Und da fragte ich, ich würde gerne drei Milch kaufen, ob ich nicht welche von denen nehmen könnte, wenn die denn reduziert wären. Und da war die Antwort der Sortiererin, nein, die kippen wir aus, die spenden wir nicht mal an die Tafel, wir kippen die aus, damit uns keiner die aus dem Container rausholt. Und den Verlust, die Abschrift kriegen wir dann von der Zentrale erstattet. – Christoph Müller-Dechent
Das Erlebnis fällt ihm wenig später wieder ein, als er in einem Uni-Seminar ein digitales Geschäftsmodell entwickeln soll. Man könnte doch das Mindesthaltbarkeitsdatum eines Produktes im Barcode auf der Verpackung speichern. Jedes einzelne Produkt eines Supermarktes ließe sich dann in einer Datenbank erfassen – mit Mindesthaltbarkeitsdatum.
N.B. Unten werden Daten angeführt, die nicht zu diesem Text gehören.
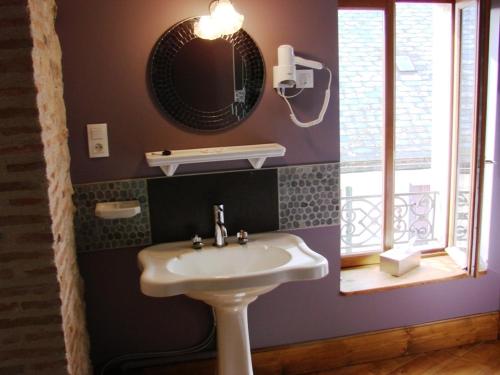 a bathroom with a sink and a mirror at L'Ancien Presbytère in Luzy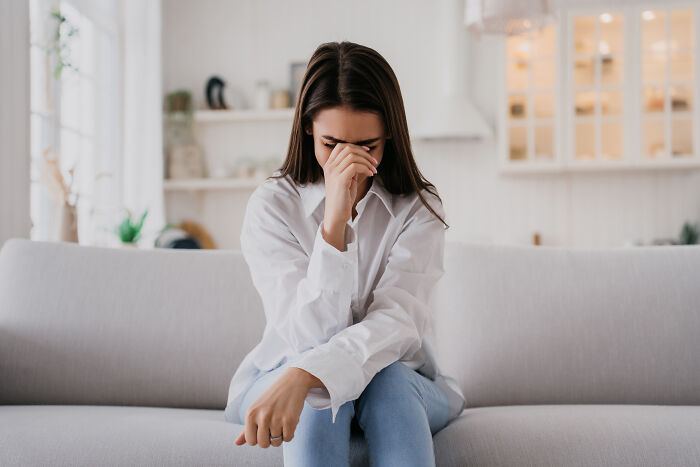 Young woman sitting on a couch with a stressed expression, reflecting on things people would never admit in real life.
Wenige Tage, bevor zum Beispiel ein Joghurt abläuft, werden Kunden über eine Smartphone-App darüber informiert. An der Kasse wird dann beim Scannen der Preis automatisch reduziert. Die Idee für Foodloop war geboren. Doch es gab keinen Barcode, der ein Mindesthaltbarkeitsdatum speichern könnte.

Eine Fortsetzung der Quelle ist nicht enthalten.